L’agroecologia, che valorizza e rigenera il suolo, il rispetto per la terra e gli animali, che non sono semplici strumenti di produzione, e l’educazione a scelte consapevoli e a un’alimentazione sana sono i pilastri del manifesto di Slow Food. “L’Europa che desideriamo è un’Europa che difenda autenticamente la sovranità alimentare, permettendo agli agricoltori, agli allevatori e ai pescatori che rispettano l’ambiente di lavorare senza dipendere dai sussidi per sopravvivere: attualmente, la maggior parte dei fondi europei va a pochi grandi attori del settore, e questo non è accettabile”, afferma Serena Milano, direttrice di Slow Food Italia. L’Europa ideale respinge gli OGM e i brevetti sul cibo, che è un diritto e non solo una merce. Questa Europa interrompe la tendenza verso il gigantismo, caratterizzata da monocolture estese, allevamenti industriali di grandi dimensioni, centri commerciali in espansione, piccole imprese che chiudono e paesi che si spopolano, e si orienta invece verso la biodiversità, sia agricola che culturale, e un’economia diffusa che valorizzi tutte le aree, comprese le zone montane, generando benessere.

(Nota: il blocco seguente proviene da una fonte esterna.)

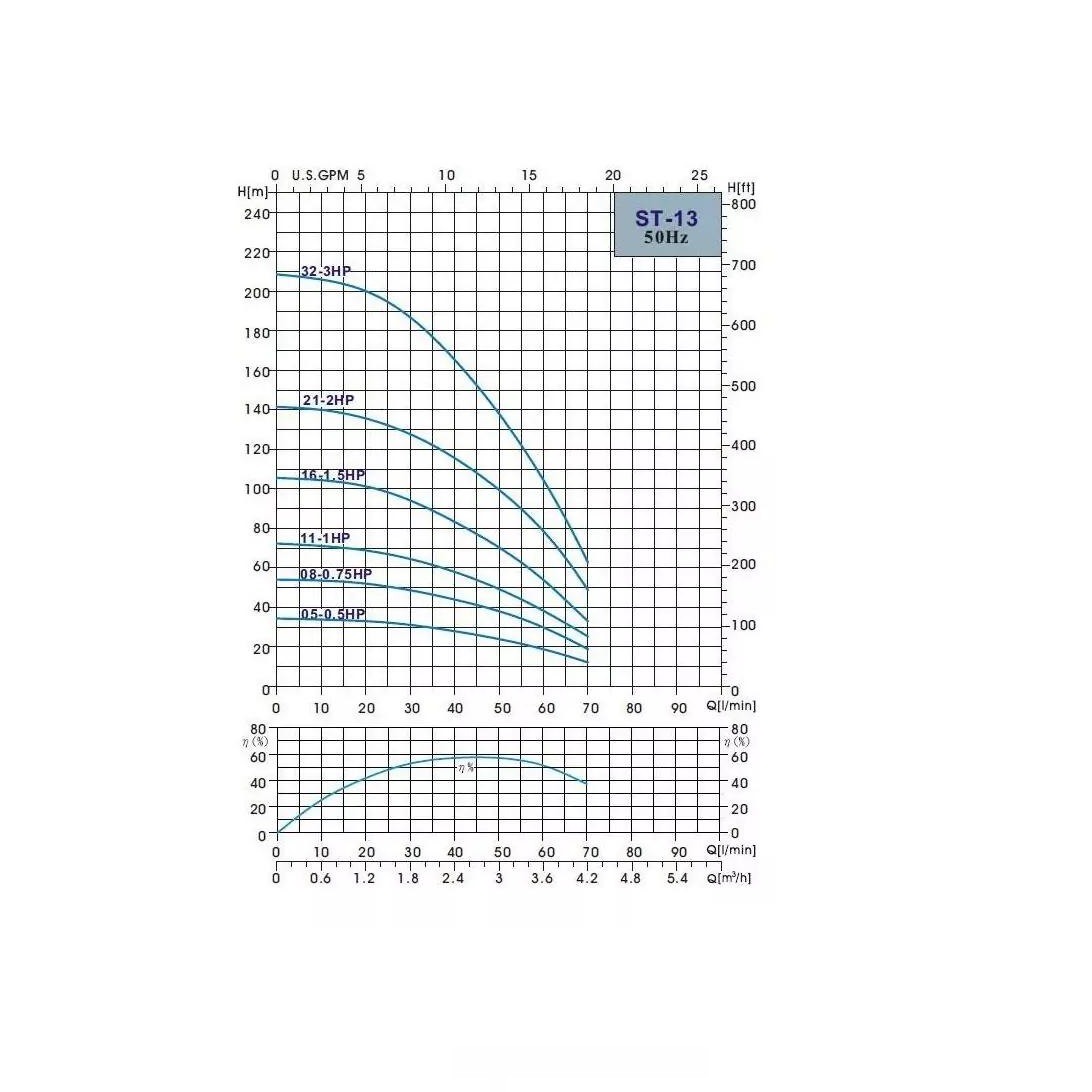 Ponorné čerpadlo ST-1308 (0,55 kW, 1″1/4, 400V)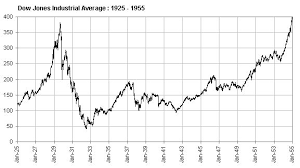 The 1929 chart is making the rounds again. The Stock Market Crash Of 1929 Still Remains To Be A Big Event In The History Of Stock Trading Even After 80 Stock Market Crash Stock Market Stock Market Chart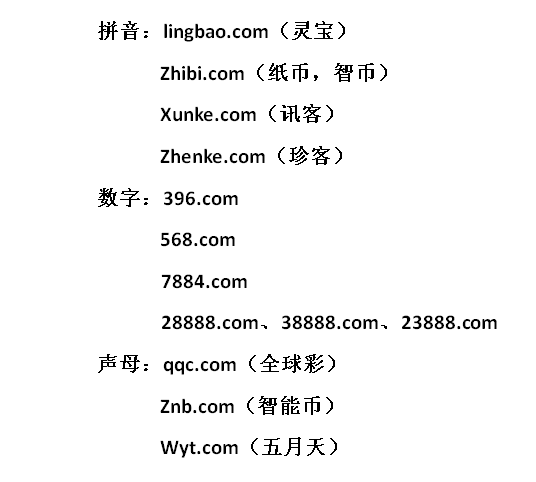 域名WWW王中王平特一肖c m的全面解析與SEO優(yōu)化策略，域名WWW王中王平特一肖c m的全面解析與SEO優(yōu)化攻略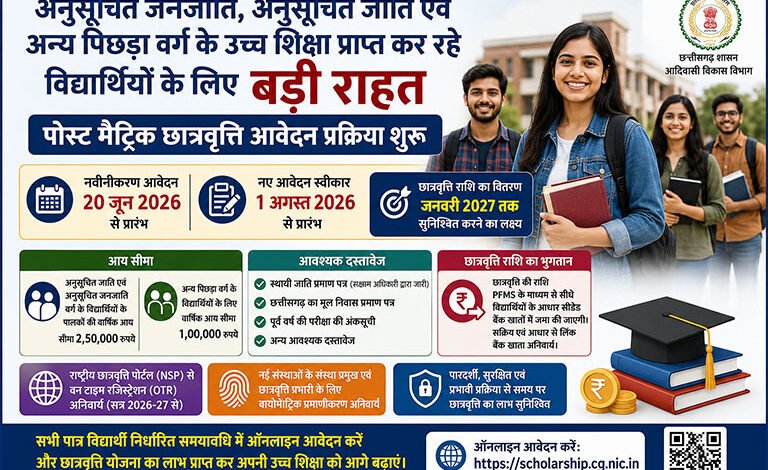 अनुसूचित जनजाति, अनुसूचित जाति एवं अन्य पिछड़ा वर्ग के उच्च शिक्षा प्राप्त कर रहे विद्यार्थियों के लिए बड़ी राहत, पोस्ट मैट्रिक छात्रवृत्ति आवेदन प्रक्रिया शुरू अनुसूचित जनजाति, अनुसूचित जाति एवं अन्य पिछड़ा वर्ग के उच्च शिक्षा प्राप्त कर रहे विद्यार्थियों के लिए बड़ी राहत, पोस्ट मैट्रिक छात्रवृत्ति आवेदन प्रक्रिया शुरू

Le leggi siano uguali per tutti
Ancora: “L’Europa che vorremmo è un’Europa che mette i suoi cittadini nelle condizioni migliori per compiere le scelte di acquisto: ad esempio, indicando in etichetta le tecniche di coltivazione, la tipologia di allevamento, i metodi di trasformazione. Perché è importante? Perché, ad esempio, oggi un consumatore non ha la possibilità di sapere se la carne che sta comprando provenga da un allevamento industriale oppure no: questo non deve più essere permesso, è una questione di trasparenza. E proprio in tema di trasparenza, Slow Food Italia chiede all’Europa di adottare clausole specchio per far sì che i cibi importati all’interno dell’Unione europea rispettino le stesse regole – più stringenti – osservate dai produttori europei”.
“Si tratta di norme che hanno importanti riflessi sulla salute dell’uomo, degli animali, delle piante, dell’ambiente: riguardano, ad esempio, le varietà geneticamente modificate, l’uso di pesticidi nei campi, la somministrazione di antibiotici e ormoni negli allevamenti. Limitazioni sacrosante, ma che incomprensibilmente oggi l’Ue applica soltanto ai produttori interni e non al cibo che viene importato. E così, ad esempio, nei Paesi comunitari arrivano soia Ogm, riso trattato con insetticidi e fungicidi da noi vietati da anni, carne bovina ottenuta da animali allevati senza il rispetto di alcuno standard di benessere e alimentati persino con farine di carne e ossa di ruminanti. Alimenti che, ogni giorno, finiscono nei nostri piatti”.